▸ DATA EXCERPTS
↓

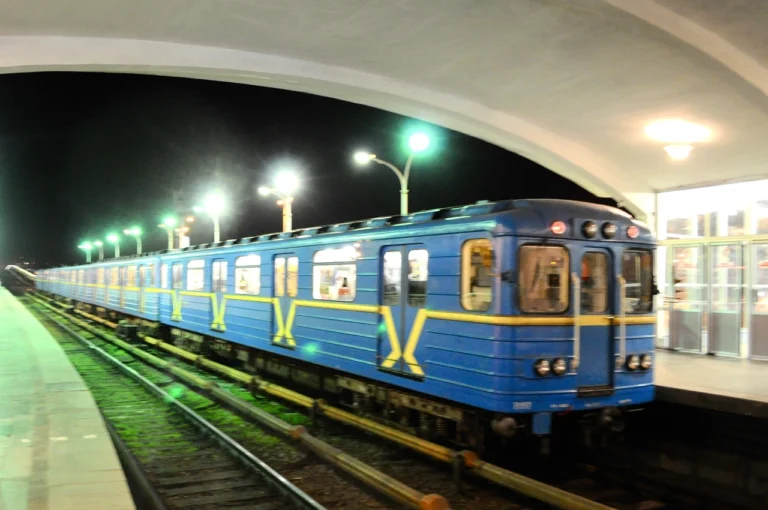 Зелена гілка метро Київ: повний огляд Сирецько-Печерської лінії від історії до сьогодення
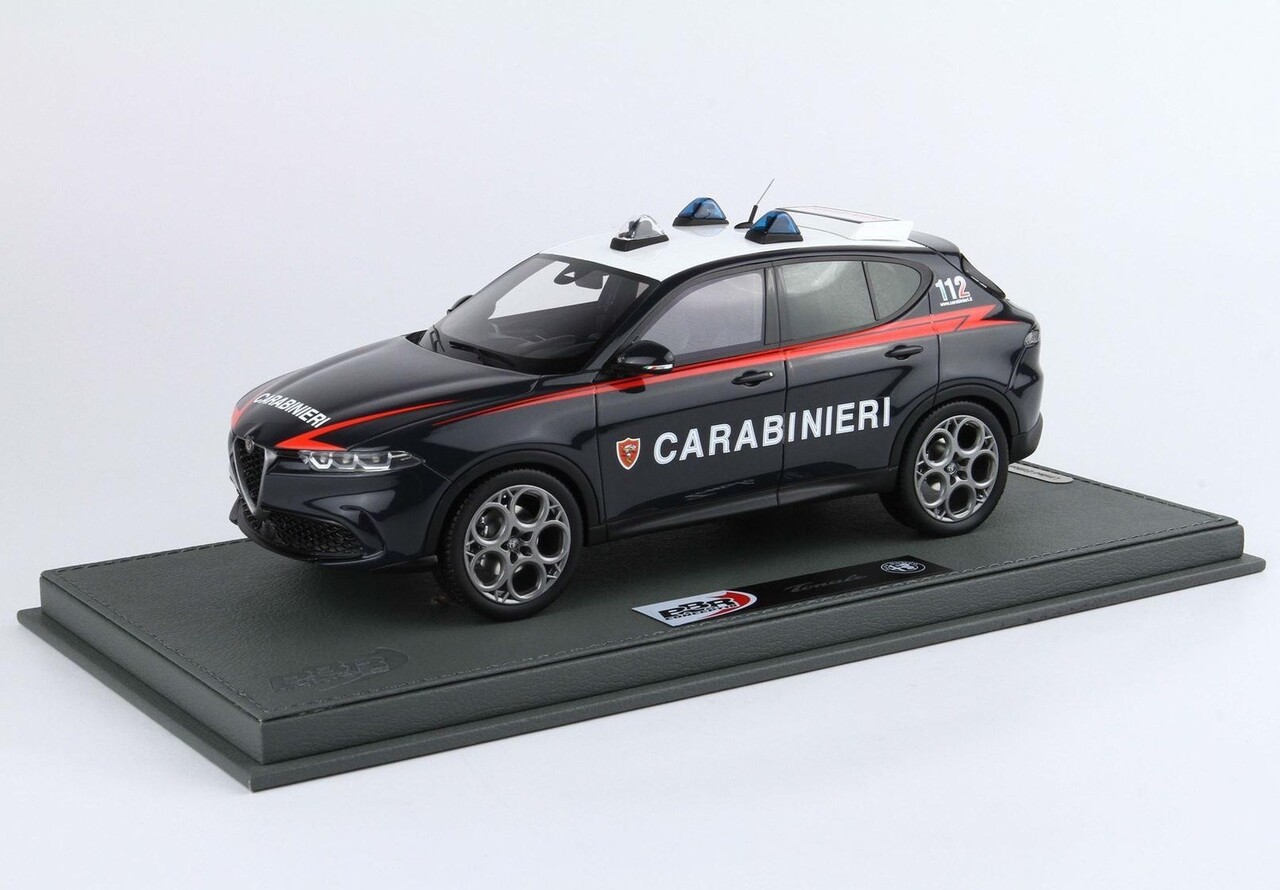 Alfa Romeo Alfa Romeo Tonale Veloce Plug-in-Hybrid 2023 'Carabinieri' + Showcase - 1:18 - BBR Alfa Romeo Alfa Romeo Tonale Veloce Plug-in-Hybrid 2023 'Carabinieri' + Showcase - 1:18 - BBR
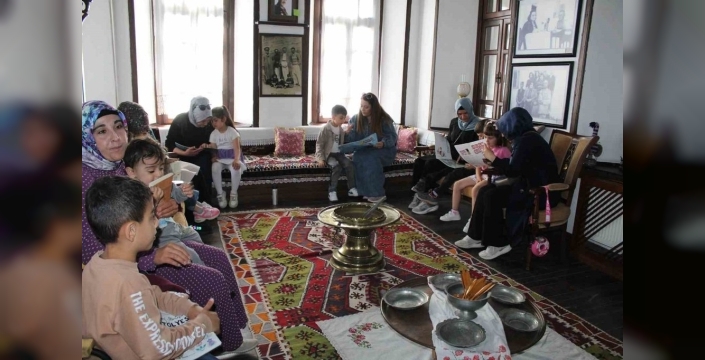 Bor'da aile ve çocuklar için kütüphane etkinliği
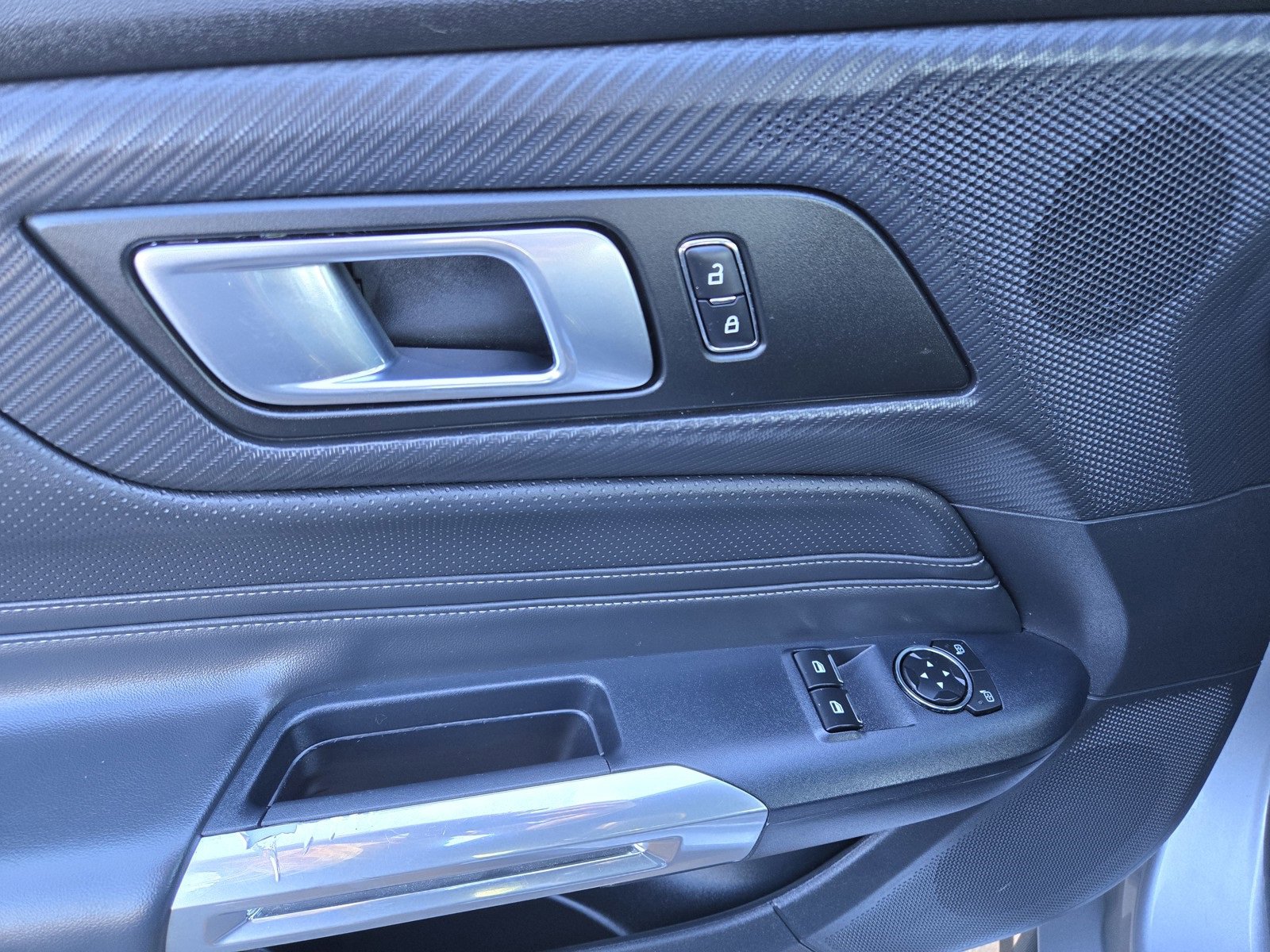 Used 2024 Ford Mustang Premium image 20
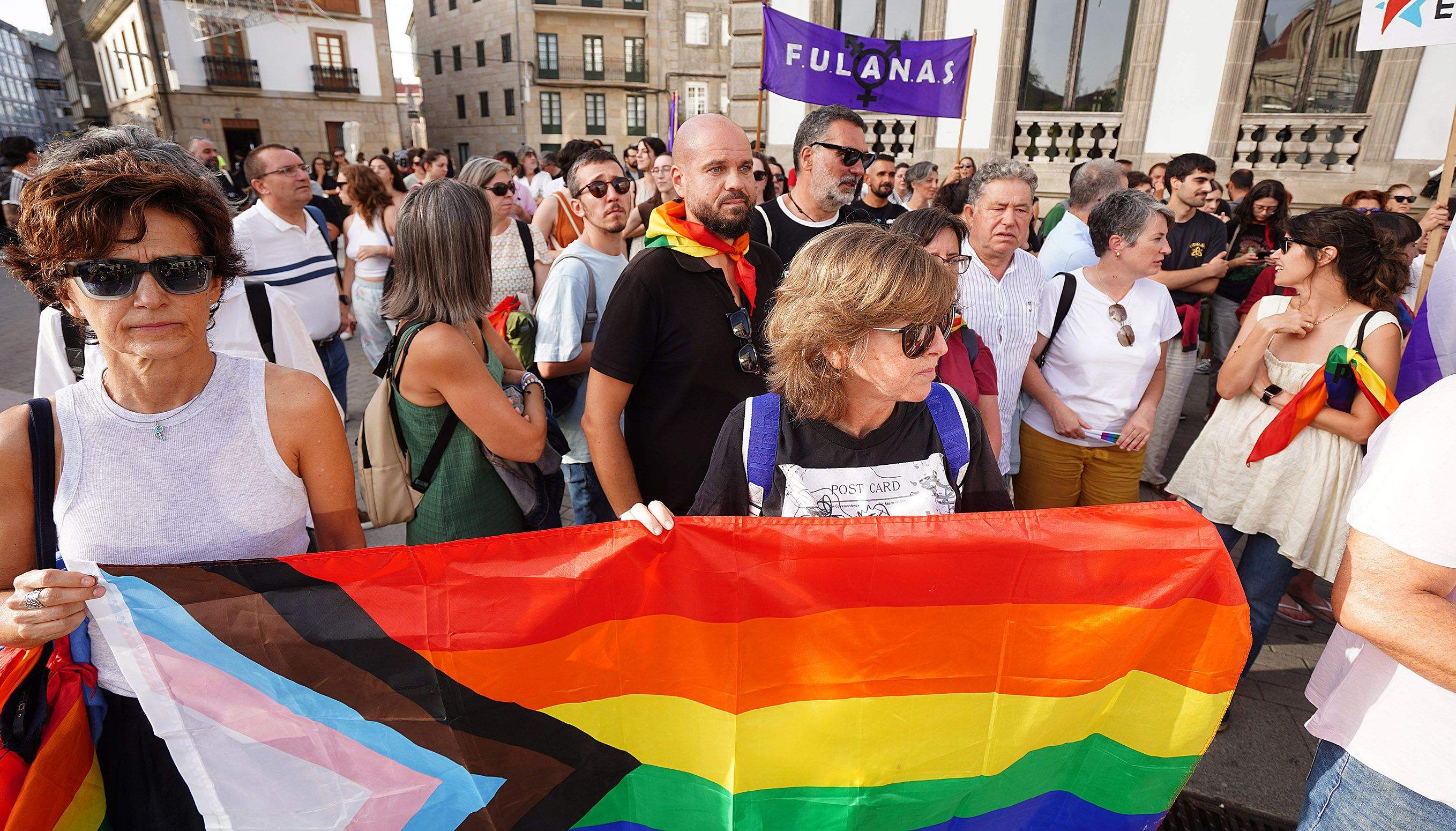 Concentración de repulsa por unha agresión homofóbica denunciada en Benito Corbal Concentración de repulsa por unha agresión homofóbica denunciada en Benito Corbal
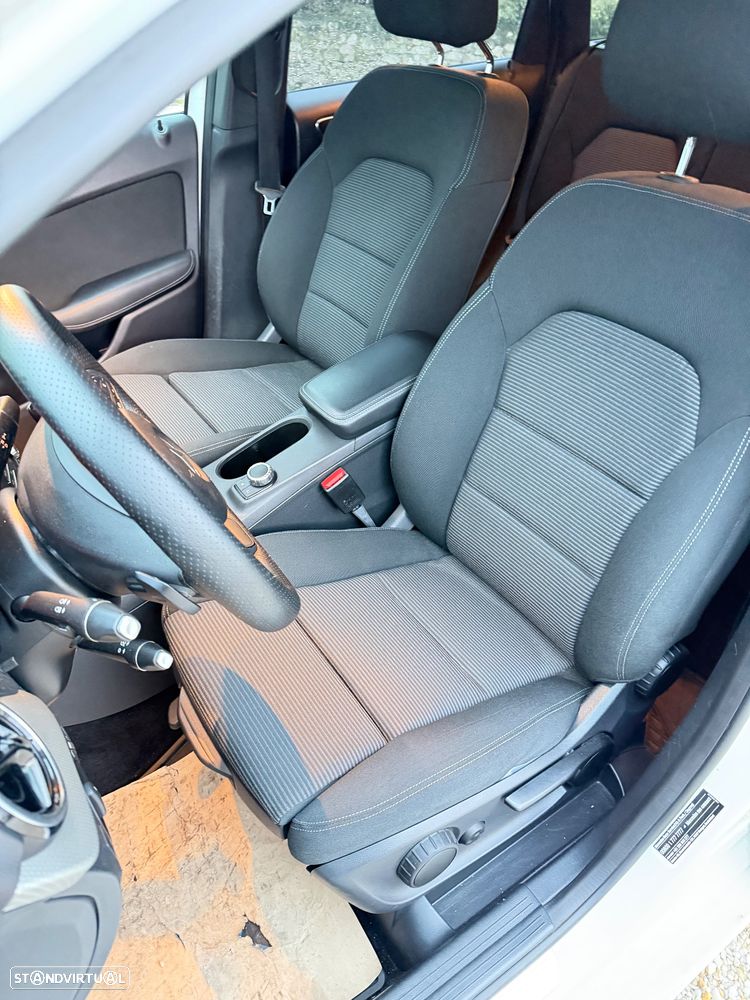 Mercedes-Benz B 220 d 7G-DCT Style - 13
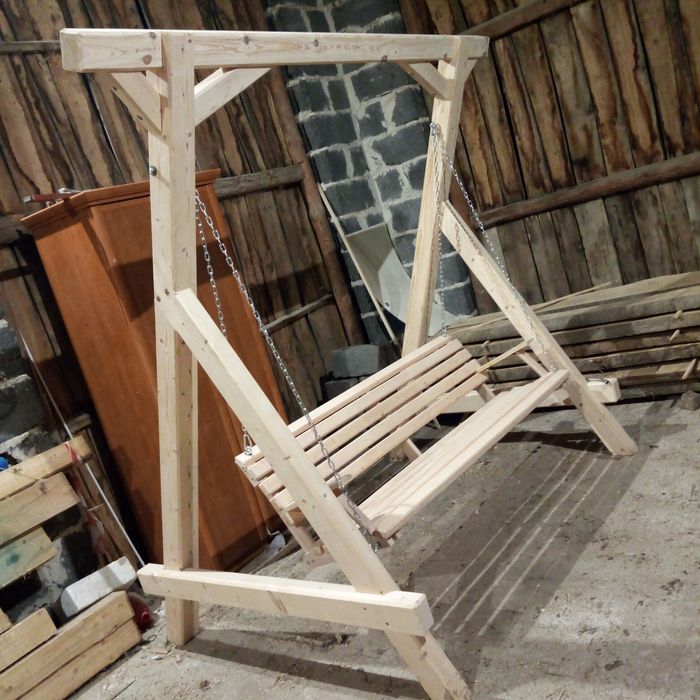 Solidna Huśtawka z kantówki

↑

▸ TASK OBJECTIVE
Any images must be left out; transcribe the rest of the material exactly.

▸ TASK RESULT
 Зелена гілка метро Київ: повний огляд Сирецько-Печерської лінії від історії до сьогодення
 Alfa Romeo Alfa Romeo Tonale Veloce Plug-in-Hybrid 2023 'Carabinieri' + Showcase - 1:18 - BBR Alfa Romeo Alfa Romeo Tonale Veloce Plug-in-Hybrid 2023 'Carabinieri' + Showcase - 1:18 - BBR
 Bor'da aile ve çocuklar için kütüphane etkinliği
 Used 2024 Ford Mustang Premium image 20
 Concentración de repulsa por unha agresión homofóbica denunciada en Benito Corbal Concentración de repulsa por unha agresión homofóbica denunciada en Benito Corbal
 Mercedes-Benz B 220 d 7G-DCT Style - 13
 Solidna Huśtawka z kantówki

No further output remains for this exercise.